Content starts

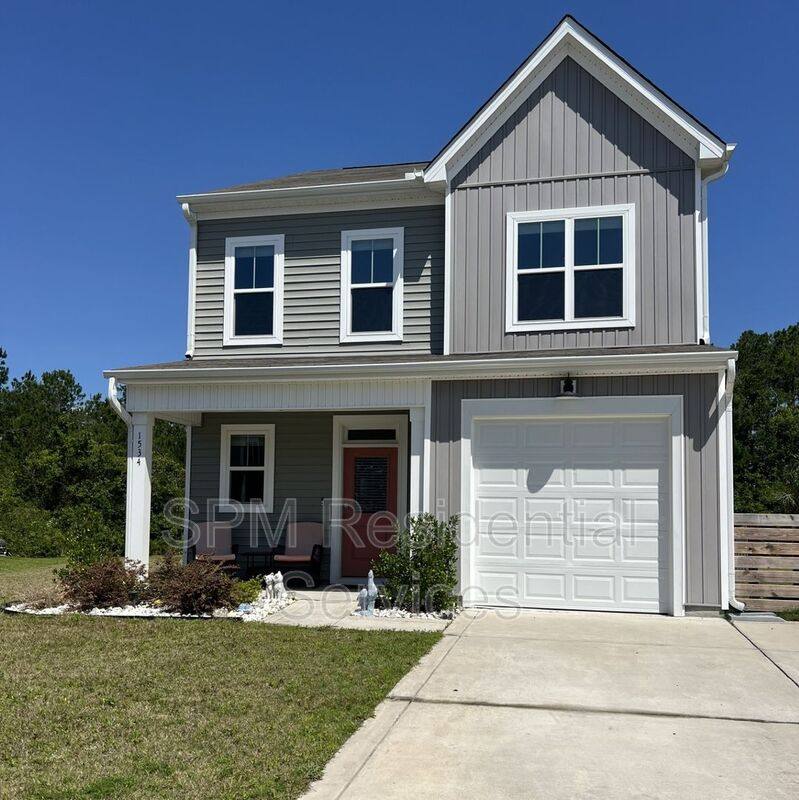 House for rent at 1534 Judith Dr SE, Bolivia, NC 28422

Content ends
Content starts

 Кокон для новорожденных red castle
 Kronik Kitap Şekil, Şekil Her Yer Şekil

Content ends
Content starts

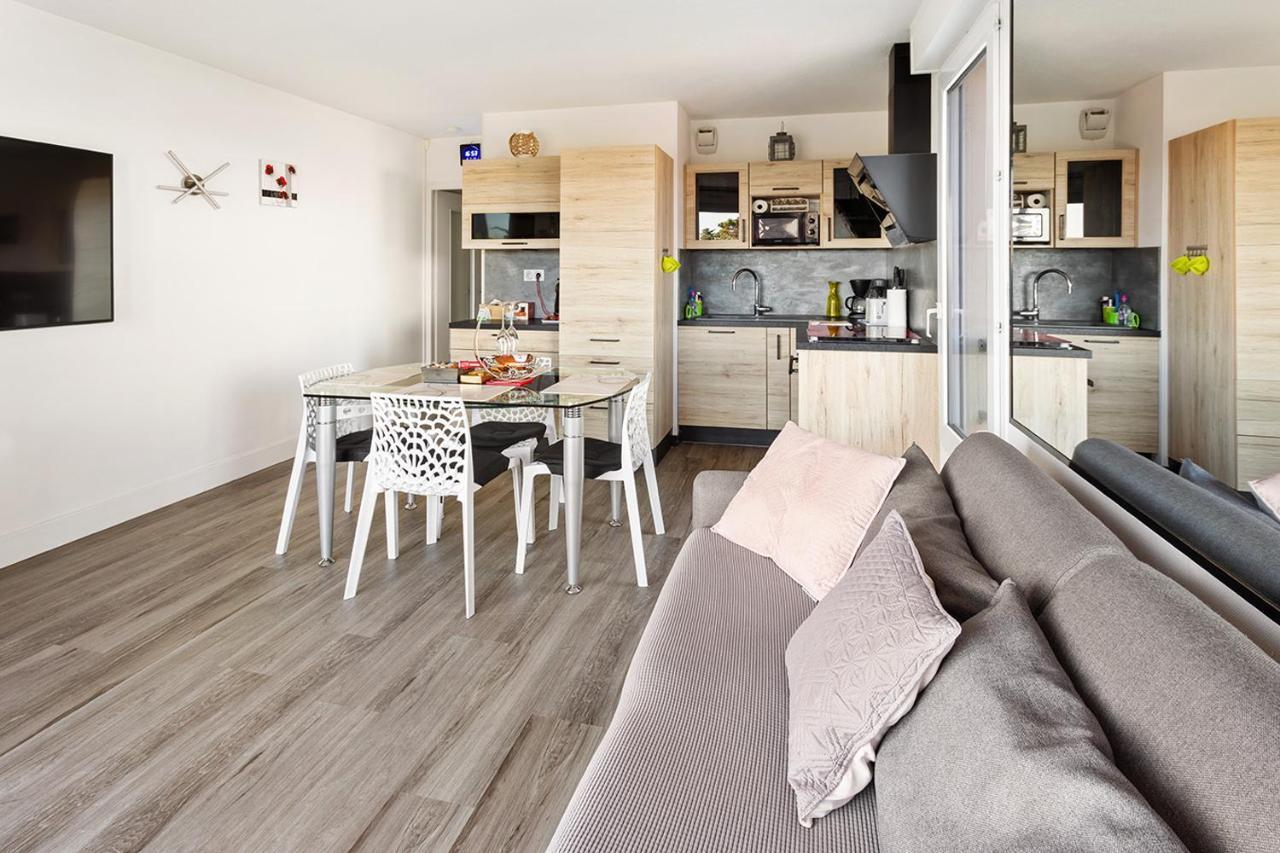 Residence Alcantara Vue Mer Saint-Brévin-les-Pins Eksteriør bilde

Content ends

What is being asked> Reproduce exactly the lines of the records above from the one with "Кокон для новорожденных red castle" to the one with "Kronik Kitap Şekil, Şekil Her Yer Şekil", both included, and leave out everything else.

Reply to the exercise>
 Кокон для новорожденных red castle
 Kronik Kitap Şekil, Şekil Her Yer Şekil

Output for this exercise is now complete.